Mr Salvini appeared to take a dig at eurozone finance ministers who warned Italy should respect the bloc’s spending rules demanding more detail from Rome on the budget plans.
The Italian eurosceptic said: “Some French minister don’t like me, who cares?
“I’ll live with it. I prefer Prosecco and Franciacorta to Champagne.
“And I hope I’m able to say it without being stopped by anyone.
“Not only that but Italian cheese is better than French cheese!”
On Monday, French economy minister Bruno Le Maire said the economic fate of all 19 eurozone members was linked and said the budget rulebook was meant to protect countries from higher borrowing costs.
Mr Le Maire said plans agreed on last week in Rome would need to be studied in detail by the European Commission, whose assessment would then be passed onto national capitals.
He said: “I just want to make very clear that there are rules, and rules are the same for every state.
“Because our futures are linked, the future of Italy, France, Germany, Spain, Luxembourg, all the members of the eurozone are linked”.
But Matteo Salvini said the government would not back down and shrugged off concerns the EU will reject the budget.
He added next year’s deficit spending was needed to create jobs and spark growth.

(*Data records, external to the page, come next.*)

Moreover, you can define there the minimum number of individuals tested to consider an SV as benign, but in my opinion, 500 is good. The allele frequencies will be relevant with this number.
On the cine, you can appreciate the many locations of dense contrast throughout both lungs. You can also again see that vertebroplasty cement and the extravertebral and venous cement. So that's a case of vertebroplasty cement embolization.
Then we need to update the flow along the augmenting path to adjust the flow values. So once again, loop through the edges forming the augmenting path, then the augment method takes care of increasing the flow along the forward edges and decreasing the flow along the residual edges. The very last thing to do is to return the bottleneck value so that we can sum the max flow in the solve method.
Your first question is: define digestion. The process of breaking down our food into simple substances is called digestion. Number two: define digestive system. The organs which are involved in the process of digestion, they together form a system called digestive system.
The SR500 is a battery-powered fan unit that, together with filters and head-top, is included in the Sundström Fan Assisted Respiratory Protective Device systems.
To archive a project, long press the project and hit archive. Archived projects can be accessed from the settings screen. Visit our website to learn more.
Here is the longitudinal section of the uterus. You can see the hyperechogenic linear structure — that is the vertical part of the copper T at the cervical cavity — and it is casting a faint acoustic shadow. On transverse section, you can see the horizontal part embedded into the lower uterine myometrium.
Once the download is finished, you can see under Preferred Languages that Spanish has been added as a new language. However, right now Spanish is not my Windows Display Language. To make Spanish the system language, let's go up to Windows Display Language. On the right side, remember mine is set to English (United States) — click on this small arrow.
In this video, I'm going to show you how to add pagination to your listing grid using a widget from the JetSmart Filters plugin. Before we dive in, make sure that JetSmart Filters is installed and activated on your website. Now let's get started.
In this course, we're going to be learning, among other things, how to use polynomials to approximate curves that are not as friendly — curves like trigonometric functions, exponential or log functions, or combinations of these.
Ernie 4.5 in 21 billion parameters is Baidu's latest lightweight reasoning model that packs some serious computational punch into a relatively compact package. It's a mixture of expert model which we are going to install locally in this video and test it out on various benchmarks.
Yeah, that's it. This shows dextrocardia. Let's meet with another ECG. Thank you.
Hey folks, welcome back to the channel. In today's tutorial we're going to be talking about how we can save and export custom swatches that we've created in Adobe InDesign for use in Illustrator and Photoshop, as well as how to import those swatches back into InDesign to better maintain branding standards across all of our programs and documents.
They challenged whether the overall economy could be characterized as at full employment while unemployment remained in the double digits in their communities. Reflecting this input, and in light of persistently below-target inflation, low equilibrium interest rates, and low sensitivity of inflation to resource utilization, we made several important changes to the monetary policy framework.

Mr Salvini said: “This is a budget that looks to the future, and we will absolutely not go backwards.”
After a selloff hit Italian bonds on Tuesday, the government made up of the anti-establishment 5-Star Movement and the right-wing League late on Wednesday watered down its original plan to keep its deficit steady at 2.4 percent of gross domestic product (GDP) in 2020-21.
But Italy stuck to its 2.4 percent target for next year, and on Thursday morning government officials said they had no plans to make further revisions to that goal, which is three times more than one set out by the previous government.
Speaking about the multi-year budget targets that must be reviewed by Brussels by mid-month, Deputy Economy Minister Massimo Garavaglia said on Thursday: “Either it passes or it doesn’t, but this isn’t the problem.
“We’re more focused on what is happening in the markets.”